Start of Data in this exercise

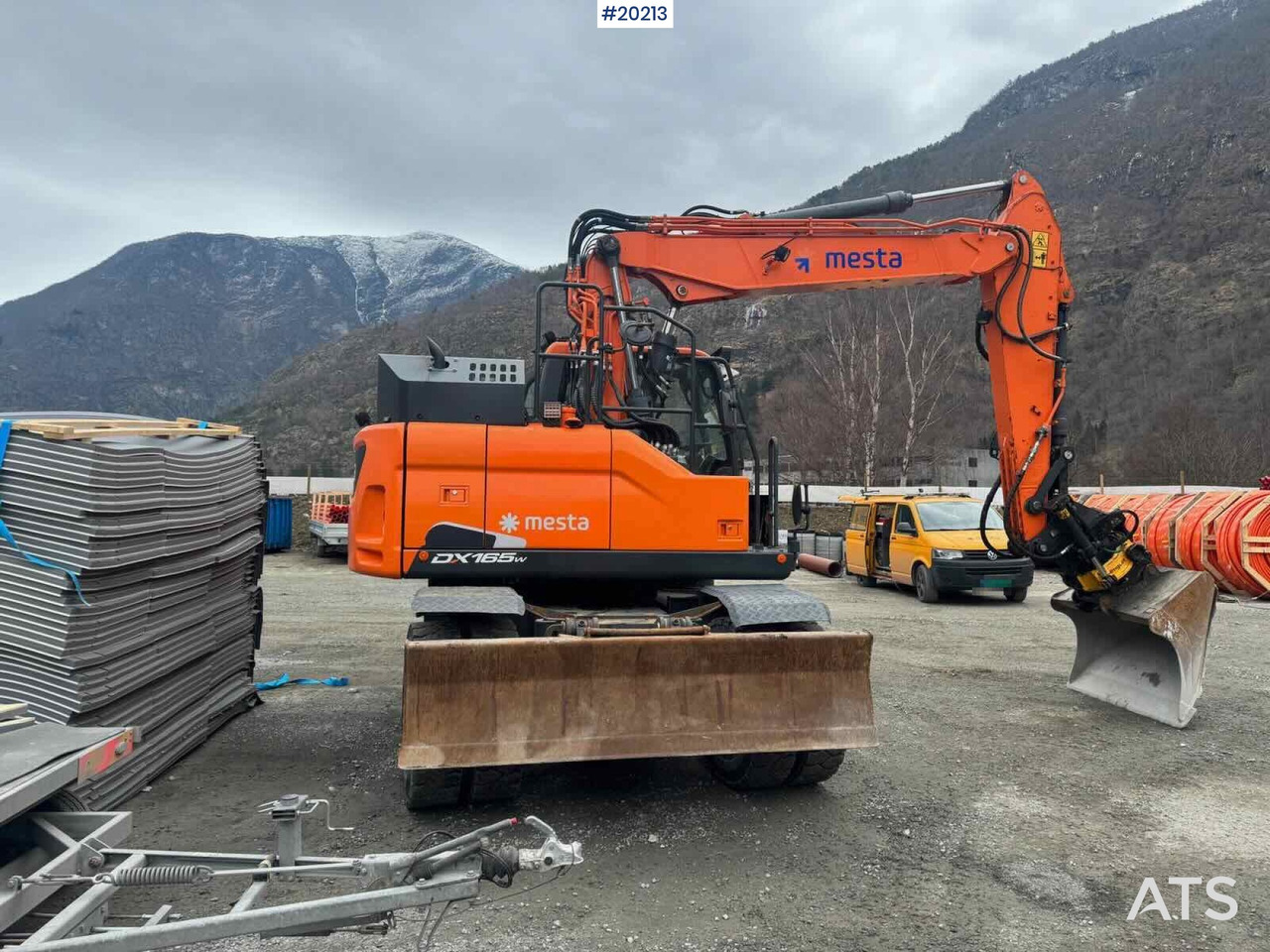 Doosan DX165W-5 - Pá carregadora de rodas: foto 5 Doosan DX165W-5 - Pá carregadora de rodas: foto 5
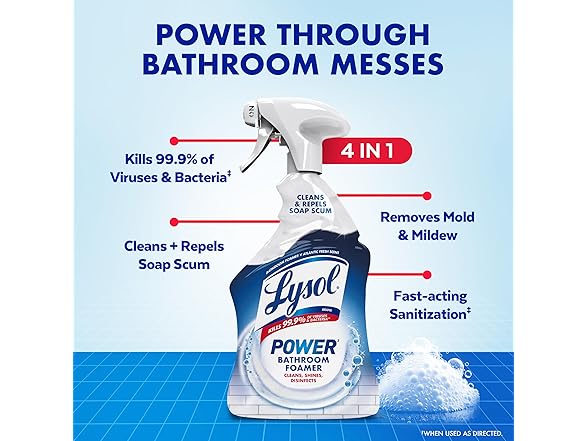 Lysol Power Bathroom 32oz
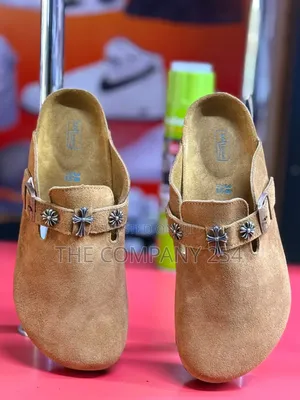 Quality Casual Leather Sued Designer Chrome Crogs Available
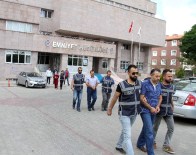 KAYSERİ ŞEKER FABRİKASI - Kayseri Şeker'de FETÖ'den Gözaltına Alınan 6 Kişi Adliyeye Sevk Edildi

End of Data in this exercise
Start of Data in this exercise

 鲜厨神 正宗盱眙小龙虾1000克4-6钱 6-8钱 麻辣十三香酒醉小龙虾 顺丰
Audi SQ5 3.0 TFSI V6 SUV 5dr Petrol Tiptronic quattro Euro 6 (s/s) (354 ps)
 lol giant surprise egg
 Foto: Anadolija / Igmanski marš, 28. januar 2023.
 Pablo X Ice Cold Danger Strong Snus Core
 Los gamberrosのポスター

End of Data in this exercise

▶ [Your task]
From the listing above, repeat only the lines between the line containing "Quality Casual Leather" and the line containing "KAYSERİ ŞEKER FABRİKASI", those two included. Pictures are not part of the copy.

▶ [Worked solution]
 Quality Casual Leather Sued Designer Chrome Crogs Available
 KAYSERİ ŞEKER FABRİKASI - Kayseri Şeker'de FETÖ'den Gözaltına Alınan 6 Kişi Adliyeye Sevk Edildi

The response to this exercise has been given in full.